Further east, gains of 5-10 cents were common throughout the Southeast and Louisiana, while cash prices in the Midwest were stronger amid the snowstorm forecast to hit the region over the weekend. Chicago Citygate jumped 13.5 cents to $2.345.
Meanwhile, planned maintenance on ANR Pipeline’s Michigan Leg South could create constrained conditions and possibly flow cuts. From gas days April 29-May 4, ANR plans to reduce capacity at the St. John Compressor Station in the Northern Area (Zone 7) by 500 MMcf/d, leaving 767 MMcf/d available.
Over the past 30 days, flows through St. John Eastbound have averaged 602 MMcf/d, including a single-day high of 1,154 MMcf/d, according to Genscape. The pipe work, therefore, raises the potential for “some constraints or even flow cuts during the event,” Ferrara said.
For all the upside in Friday’s cash markets, West Texas prices tumbled back down after closing in on $1 Thursday. Waha plunged 45.5 cents to average below 35 cents, a decline likely tied to overall weakness in downstream West Coast markets.
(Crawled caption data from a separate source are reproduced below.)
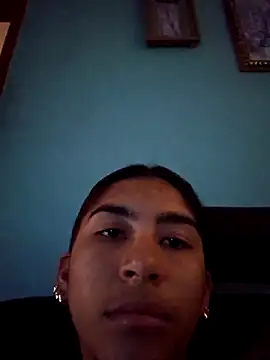 skinnyrox online show from January 17, 10:24 pm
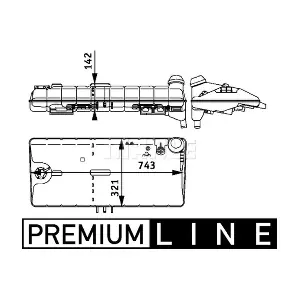 WG2184403 WILMINK GROUP
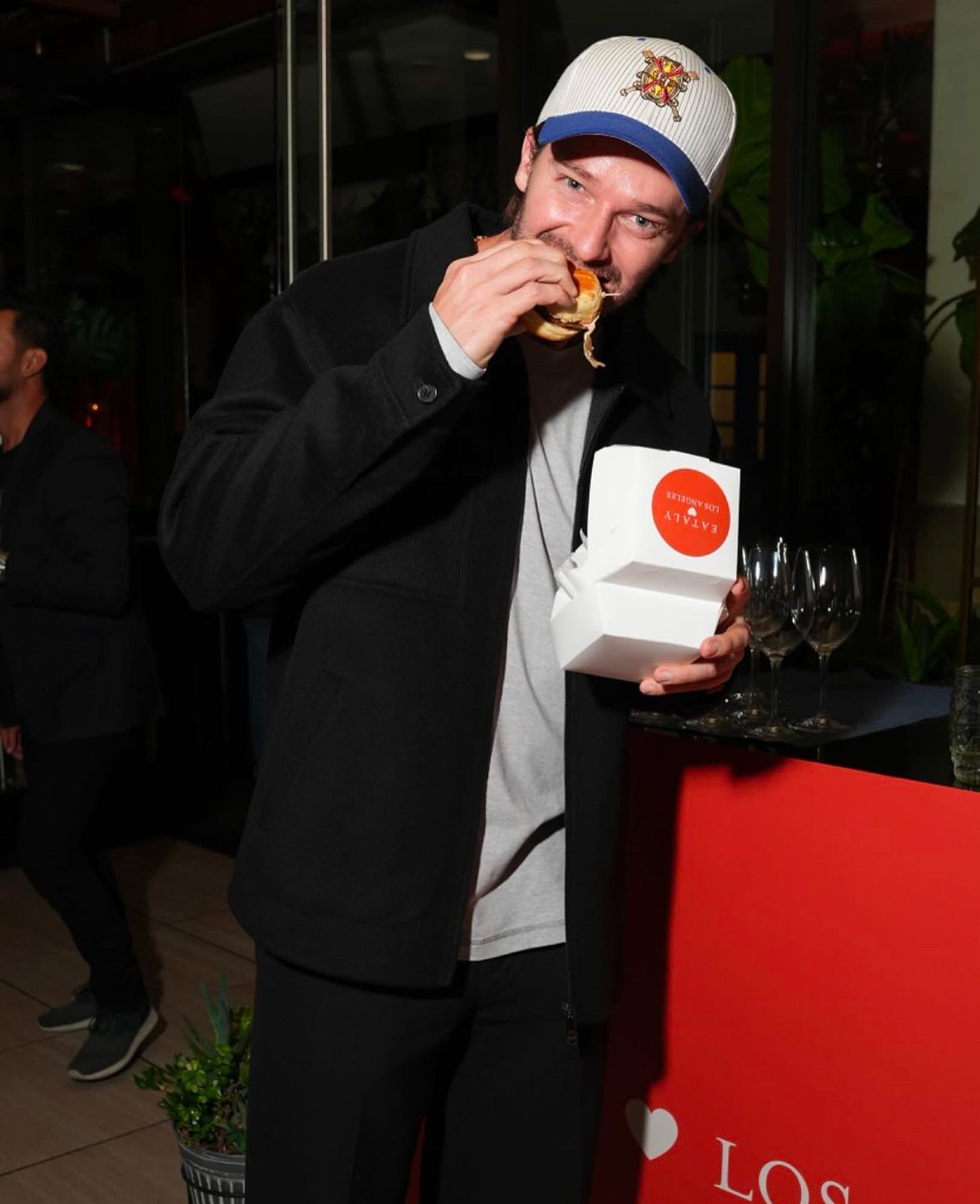 Patrick-Schwarzenegger.jpg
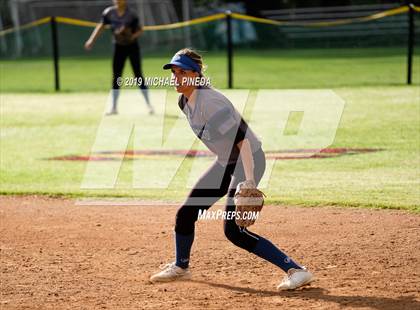Thumbnail 3 in Dana Hills @ Mission Viejo photogallery.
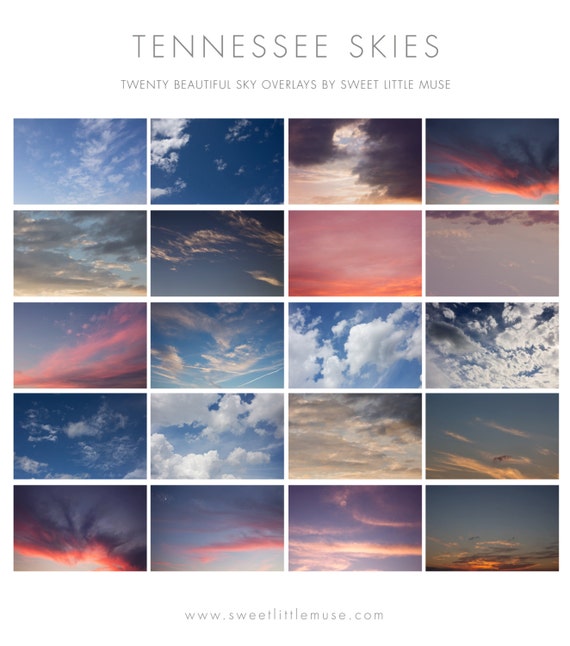 Sky Overlay Skies Overlay Sky Overlay Pack Photoshop Etsy Sky Overlay Skies Overlay Sky Overlay Pack Photoshop Etsy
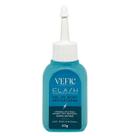 Removedor De Cutículas Instantâneo Flash 45ml Vefic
SoCal Citygate dropped more than 70 cents to $1.79, while other California points fell a quarter or more. Rockies spot prices were down 15-30 cents at most market hubs.
In Western Canada, system maintenance and price volatility “are the name of the game during injection season and NOVA/AECO C is following the playbook,” according to TPH. Cash prices shed more than $1 over the past week to sit at 57 cents on Thursday. Friday, however, brought about a modest rebound that lifted NOVA/AECO C prices back to C60.5 cents/Gj.
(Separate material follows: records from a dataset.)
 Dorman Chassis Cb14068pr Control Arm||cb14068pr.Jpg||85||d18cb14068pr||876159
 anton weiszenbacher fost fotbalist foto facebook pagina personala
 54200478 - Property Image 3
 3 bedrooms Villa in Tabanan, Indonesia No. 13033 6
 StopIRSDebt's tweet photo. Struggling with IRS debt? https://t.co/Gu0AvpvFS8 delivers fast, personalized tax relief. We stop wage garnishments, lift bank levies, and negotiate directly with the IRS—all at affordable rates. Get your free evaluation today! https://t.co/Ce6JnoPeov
Western Canadian storage deficits sit at 14%, having narrowed from 17% a month ago. TPH is projecting a 5 Bcf build in storage for the week ending Friday (April 26), which would be in line with the five-year average.
Eastern Canada saw its first injection year to date at 2 Bcf, which also marks the first time Eastern Canada storage caverns were above 2018 levels since this past February, according to TPH. Stocks, however, remain around 44% lower than the five-year average.
“Canadian gas storage data provides interesting reference data points but until TransCanada Corp.’s NGTL system can function in a more normal manner, these storage data points don’t carry the price implications they once did,” TPH analysts said.